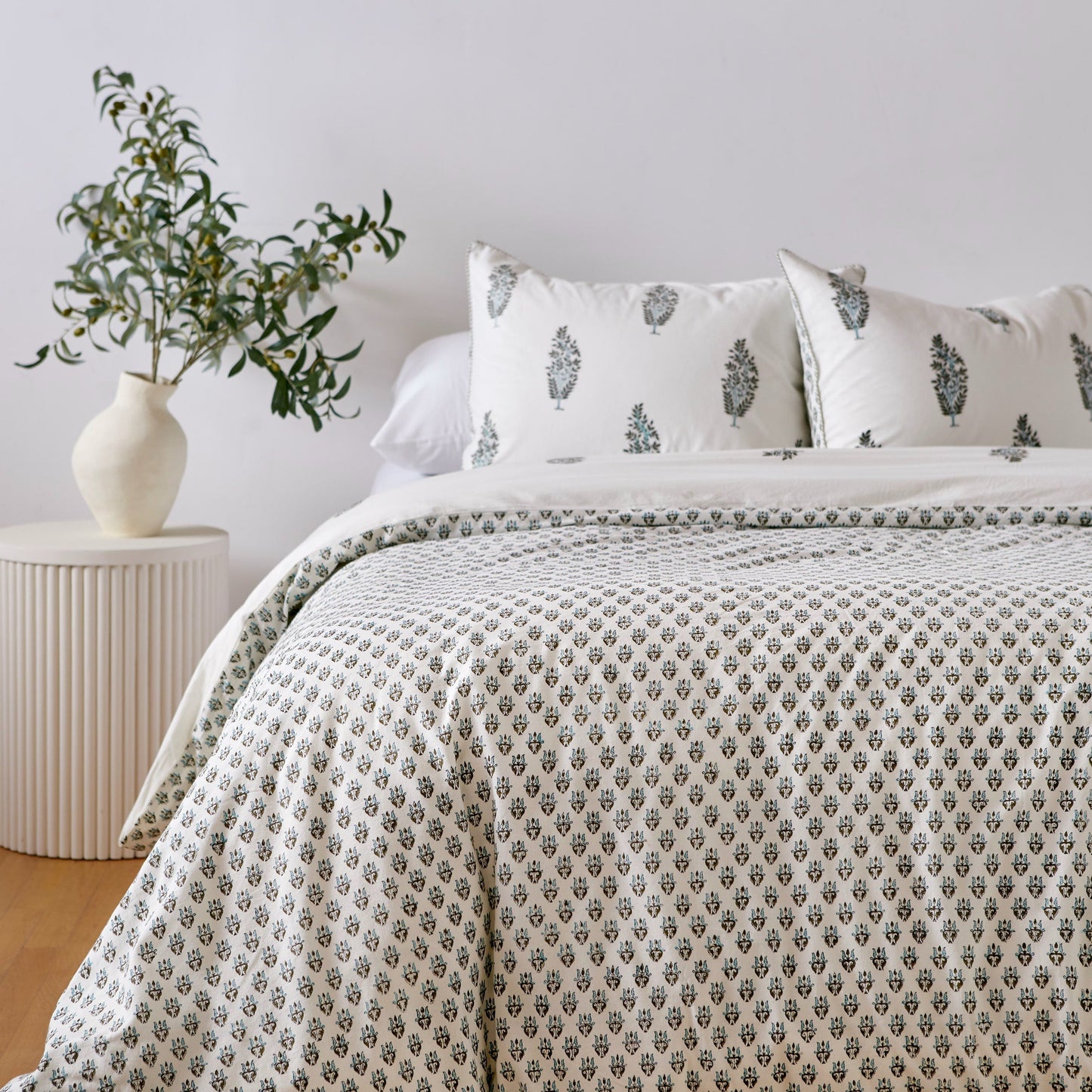 Olive Print Duvet Cover Set - 50% Off - Imli.lifestyle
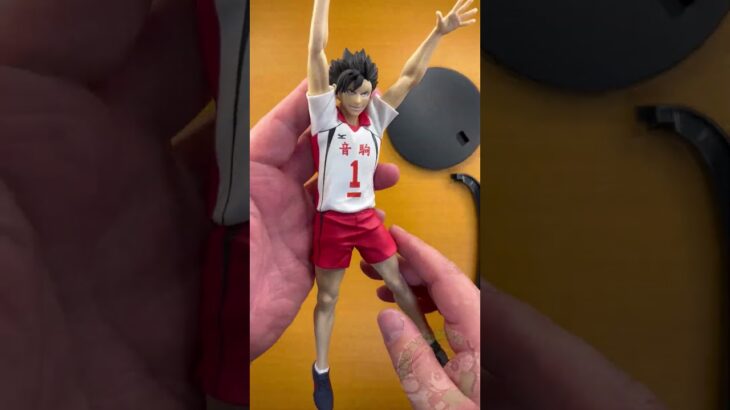 4/9登場 ハイキュー!! ポージングフィギュア-黒尾鉄朗 セカンドユニフォームver.-　重心・開封情報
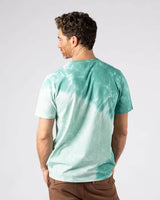 Saltrock Mens Original SR T-Shirt Tie Dye Green/ Dark Pink Northern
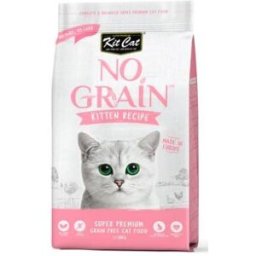 Kit Cat No Grain Kitten Repice Pienso para Gatos 1 Kg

What the task asks
Set the entire listing down again, exact in every line, without any pictures.

Exercise result
 Olive Print Duvet Cover Set - 50% Off - Imli.lifestyle
 4/9登場 ハイキュー!! ポージングフィギュア-黒尾鉄朗 セカンドユニフォームver.-　重心・開封情報
 Saltrock Mens Original SR T-Shirt Tie Dye Green/ Dark Pink Northern
 Kit Cat No Grain Kitten Repice Pienso para Gatos 1 Kg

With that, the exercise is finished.